Critiques

The Lemon Twigs

Go to School

  • 4AD
  • 2018
  • 59 minutes
7

Le duo des frères D’Addario sont de retour avec The Lemon Twigs Go to School. En prime, il s’agit d’une comédie musicale dont l’histoire est plutôt simple : Shane, un chimpanzé élevé comme un enfant par ses parents entre à l’école. On y retrouve tous les stigmates qui peuvent accompagner l’entrée à l’école et qui au final, mimique ceux d’entrer dans la société : l’insécurité, la peur, la joie, la découverte, l’apprentissage. Tout y est et les excentriques frères ont réussi à boucler la boucle comme il le faut.

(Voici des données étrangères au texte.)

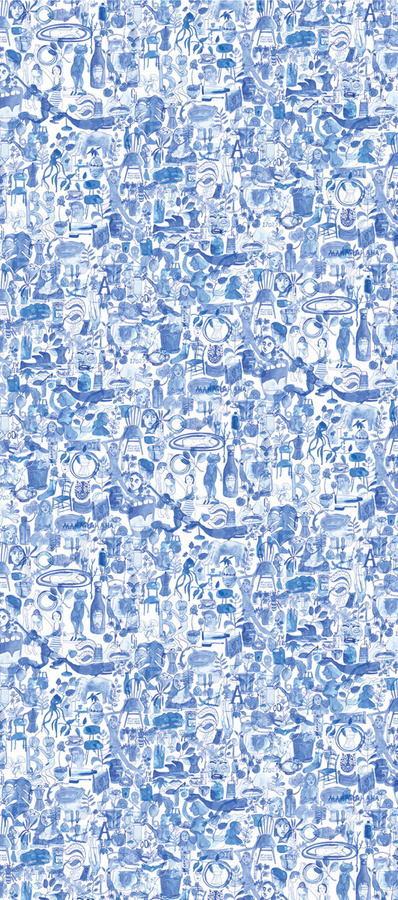 NLXL Mural I'm Blue - 03 Drops Wandtattoo mit floralem Design in Blau - Bild 1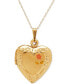 Фото #1 товара Italian Gold engraved Heart Locket 18" Pendant Necklace in 10k Gold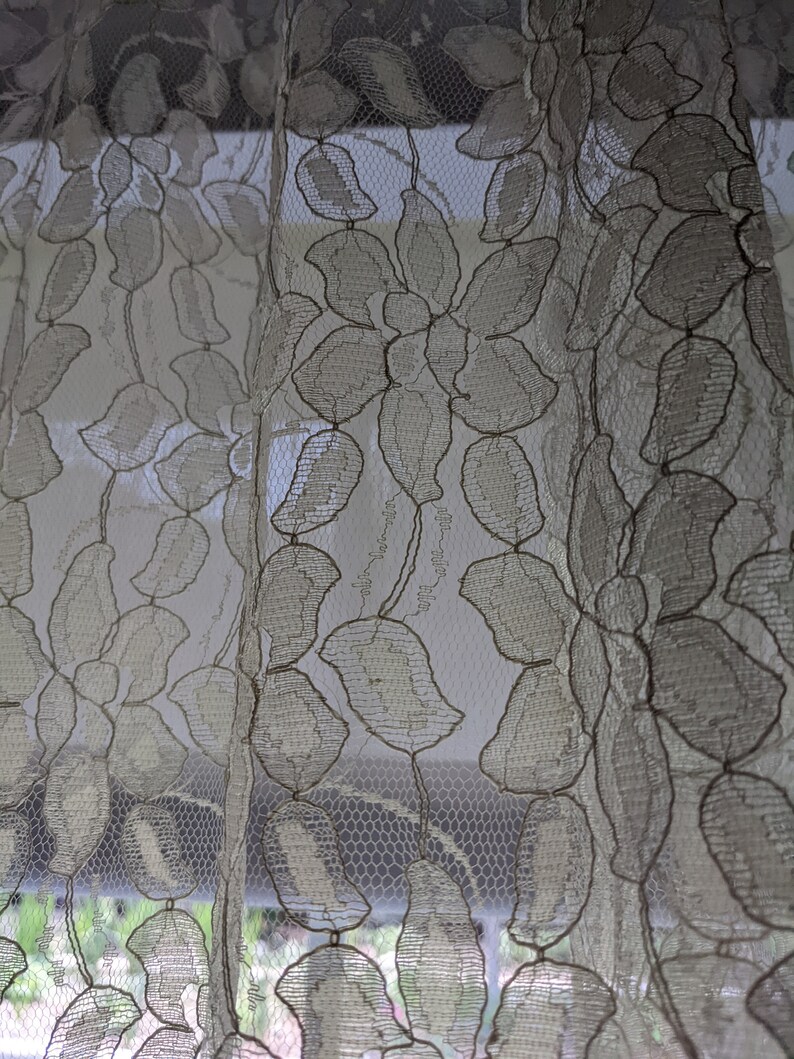 Double Panel 2 Floral Lace Sheers/curtain Offwhite Etsy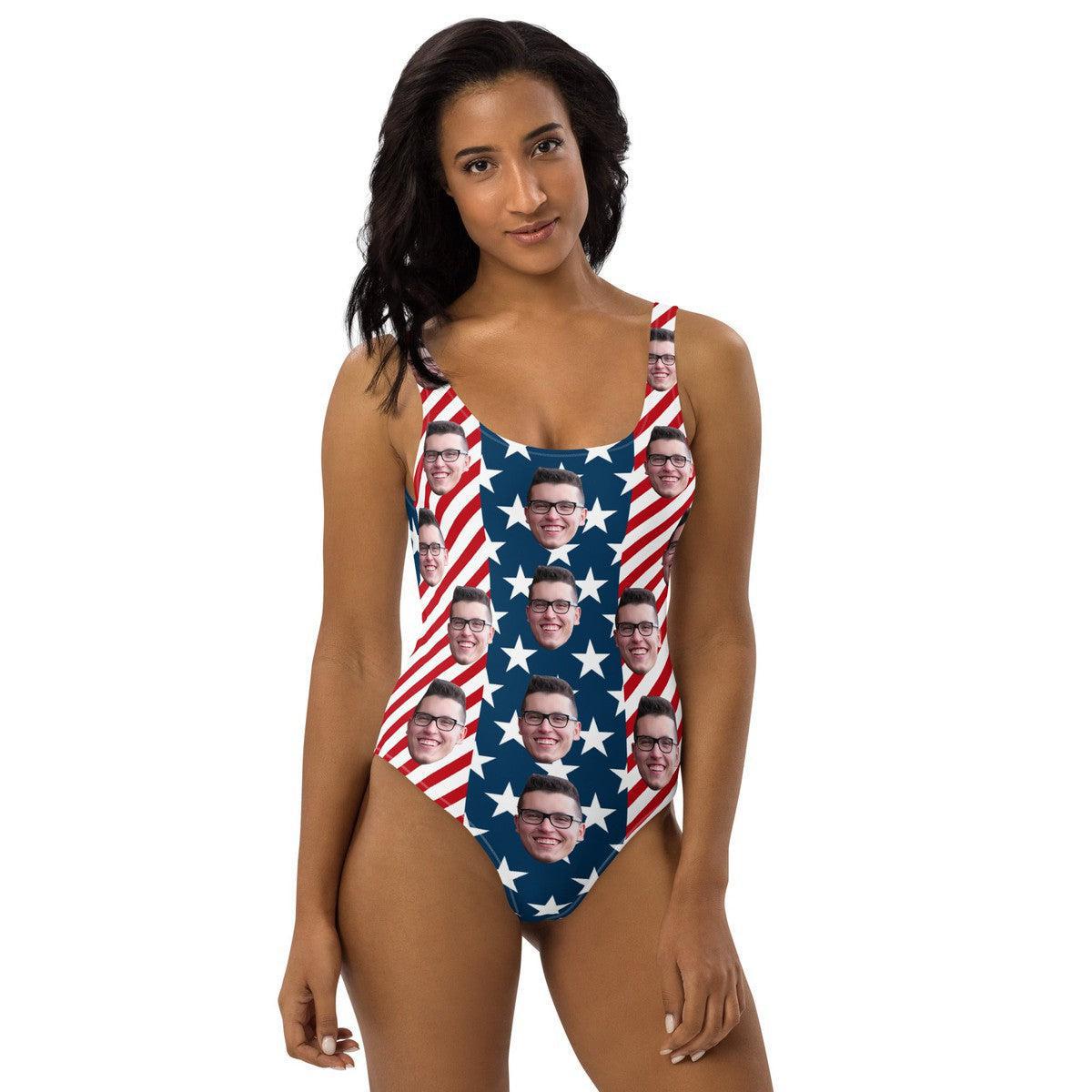 Stars Stripes USA Flag Custom Face Swimsuit Main image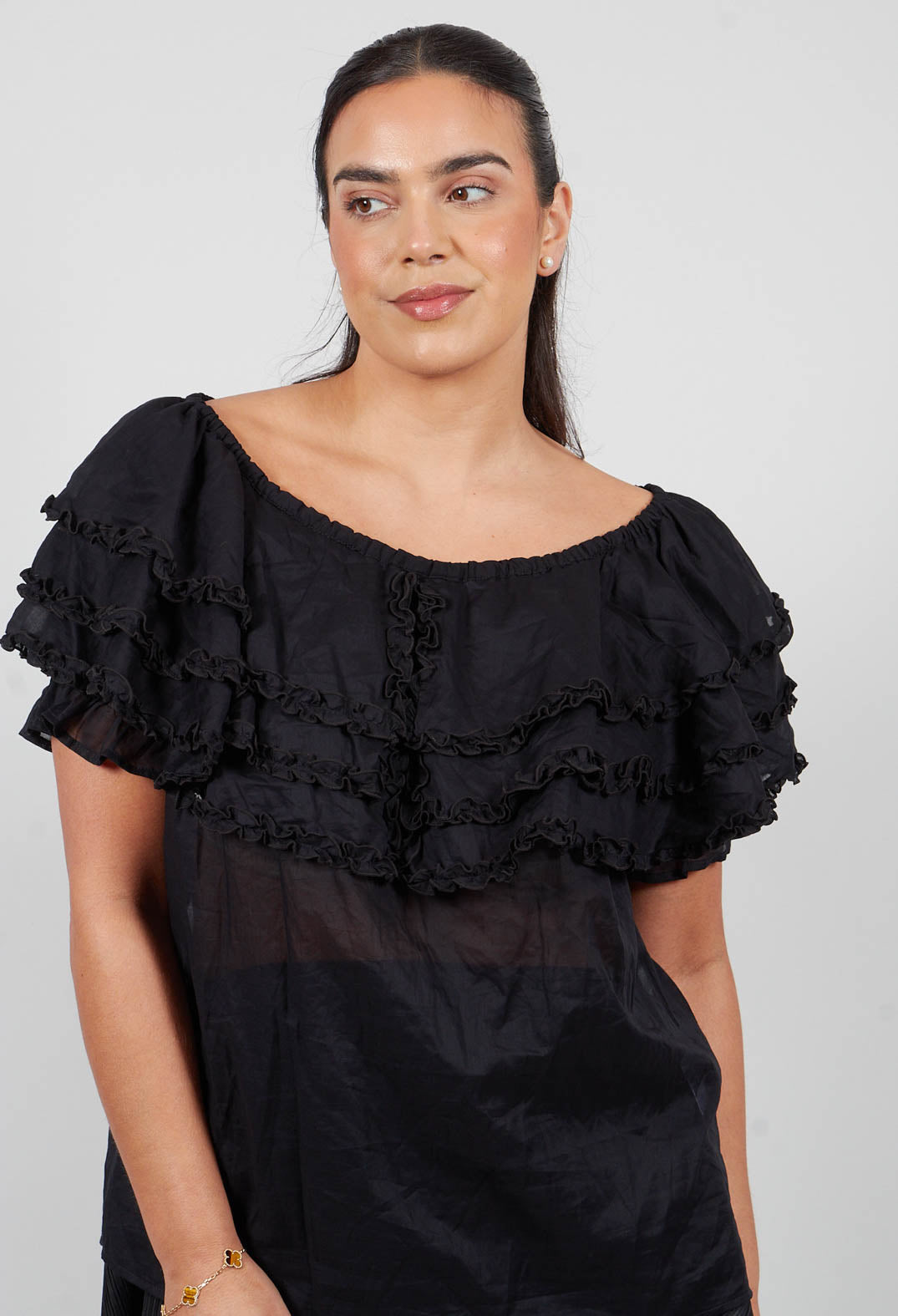 Milk Maid Blouse in Black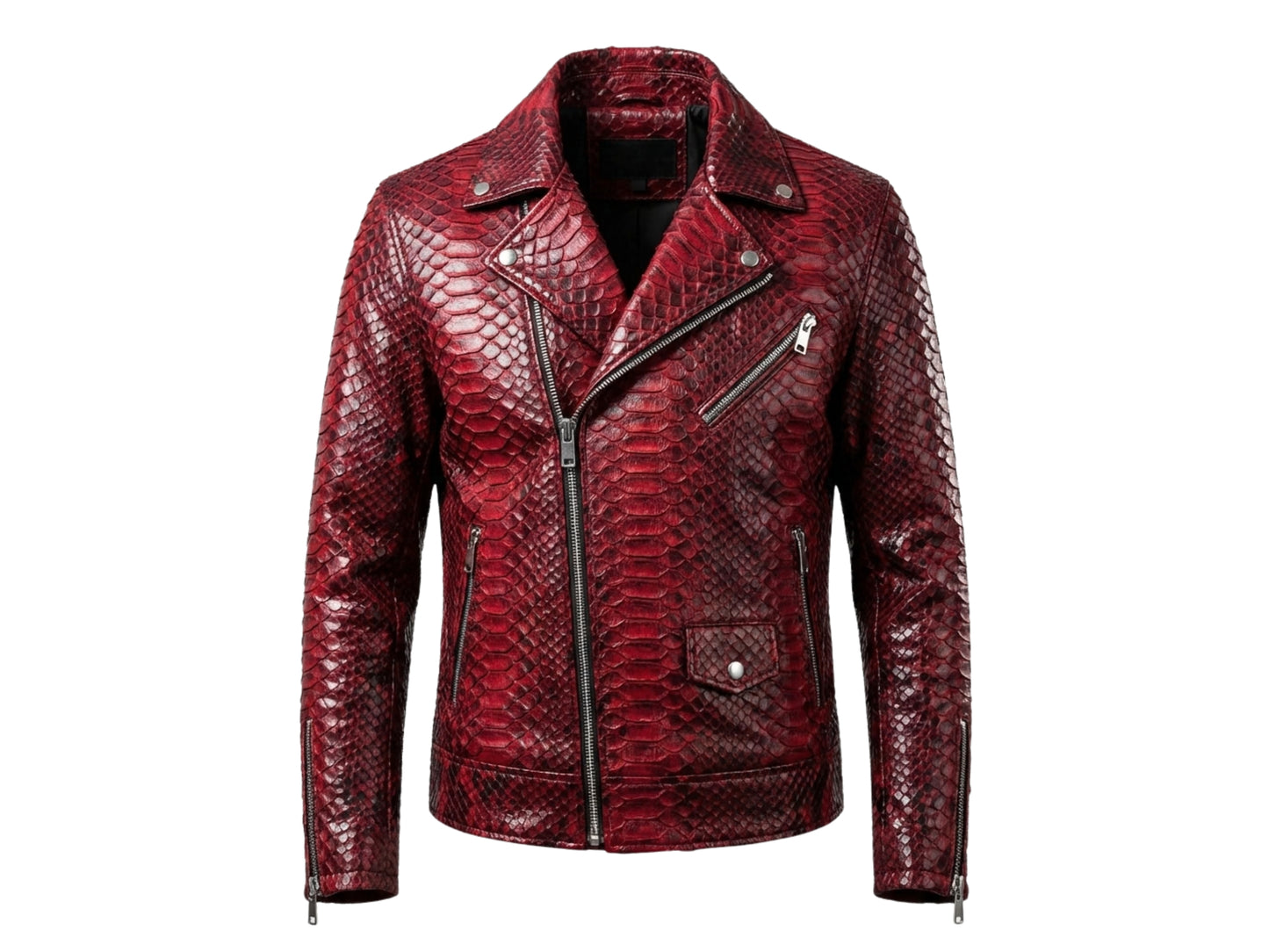 Genuine Python Snakeskin Leather Biker Jacket: Red Exotic Motorcycle Jacket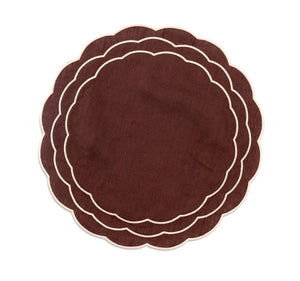 Sofia Linen Brown Placemat with Blooming Dahlia Embroidery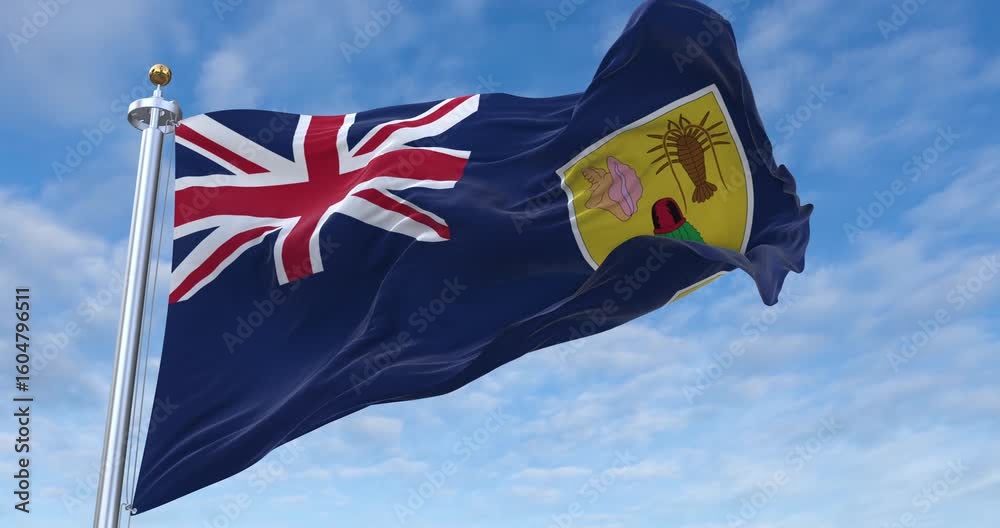 Turks and Caicos Islands flag with flagpole waving in wind, rolling clouds background looping, 4K video (Perfect Loop)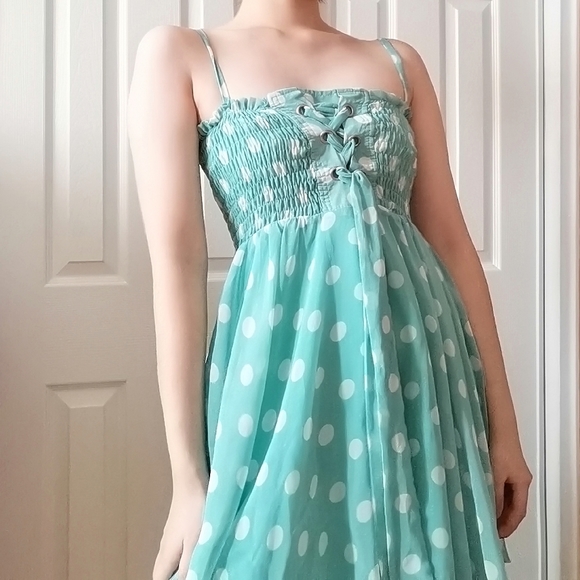 Green polka dot mini dress - Picture 5 of 9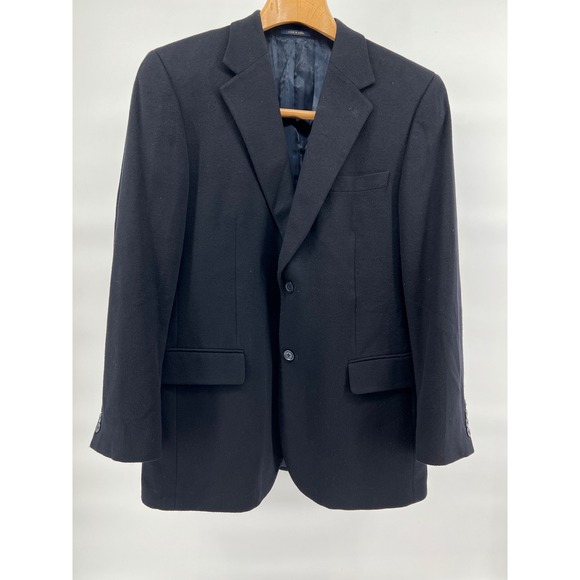 Club Room‎ Men's Black Wool Silk Cashmere Blend Blazer Jacket - Picture 2 of 12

Il s’agit surtout d’une longue allégorie sur le sentiment d’étrangeté qui peut frapper certains individus face à la société. Ce sentiment de n’être jamais à la bonne place. Et comme le duo arrive au début de la vingtaine, il est d’autant plus naturel qu’ils plongent à fond dans cela. Musicalement, on y retrouve toujours un rock daté des années 70 qui se fait ici beaucoup plus orchestral que par le passé. Ce n’est certainement pas la musique la plus originale, mais le duo est doué pour les mélodies vocales.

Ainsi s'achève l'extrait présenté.